Many of us know the satisfying experience of crashing into a deep, restful sleep after a long hike or a hard workout at the gym. But the fitness results aren’t instantaneous; we don’t immediately improve cardiovascular health, lose weight, and gain muscle mass on the trail or at the gym. These things happen after a restoring night of restful sleep. 

Sleep and fitness have a tightly linked bidirectional relationship. That is to say, good quality sleep results in better exercise performance, which in turn creates better sleep in a positive, self-sustaining cycle. 

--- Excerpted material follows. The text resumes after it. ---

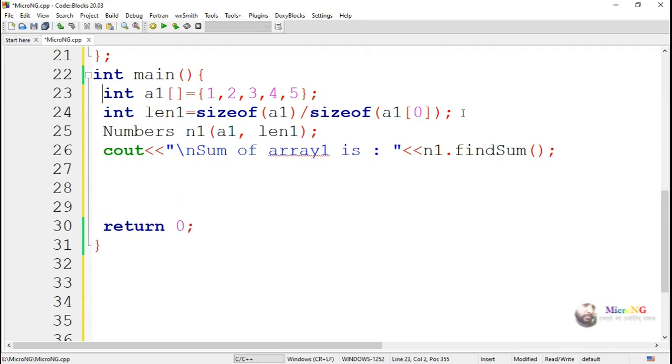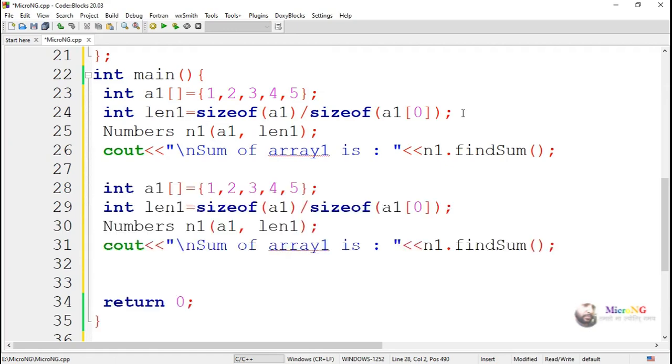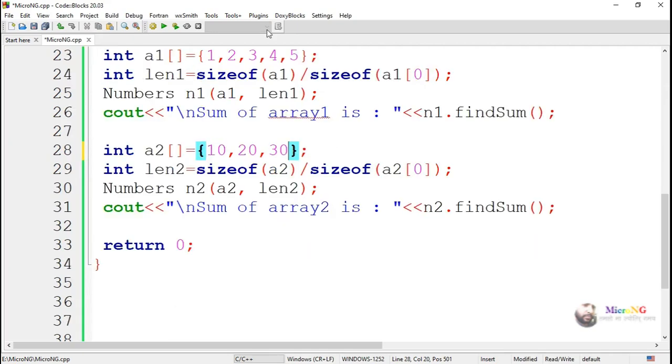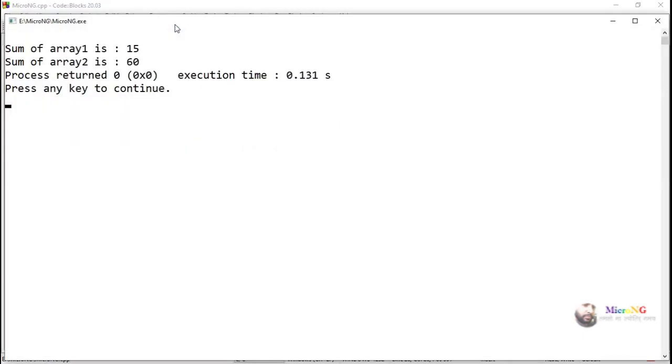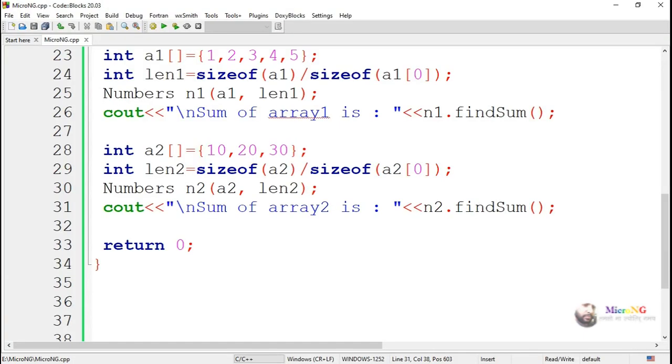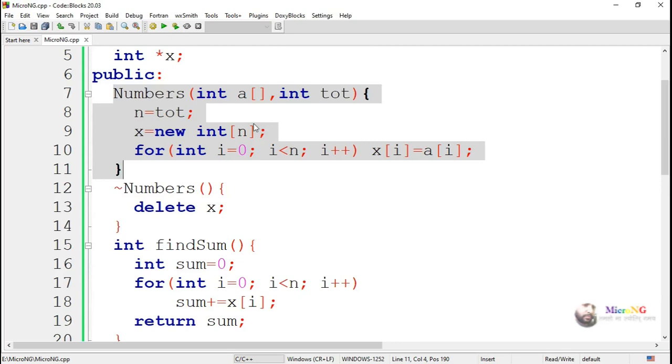Similar to this, we can create one more object. Here we are creating another object which is named as n2 with different array values, created by using our dynamic constructor. So with dynamic constructor, we can see the first time the size of x is 5, and the second time the size of x is 3, which is created by using the new operator, which can be used to allocate the memory for the variable x depending on the value of n.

To understand how vital sleep is to our fitness goals, let’s unpack the relationship a little further. While we’re at it, we’ll take a look at how much sleep athletes should get and if fitness trackers can play a meaningful role in providing effective insights into how to optimize sleep for fitness and vice versa. We’ll also take a look at how sleep deprivation, even as little as one night, can wreak havoc on our ability to recover from or even participate in a good workout. 

Why is sleep so important for fitness results?

Sleep is a crucial period of body and mind restoration. High-quality sleep improves fitness by regulating cellular repair and the levels of certain hormones associated with physical performance and recovery. Sleep regulates the functioning of several important hormones important for post-workout recovery.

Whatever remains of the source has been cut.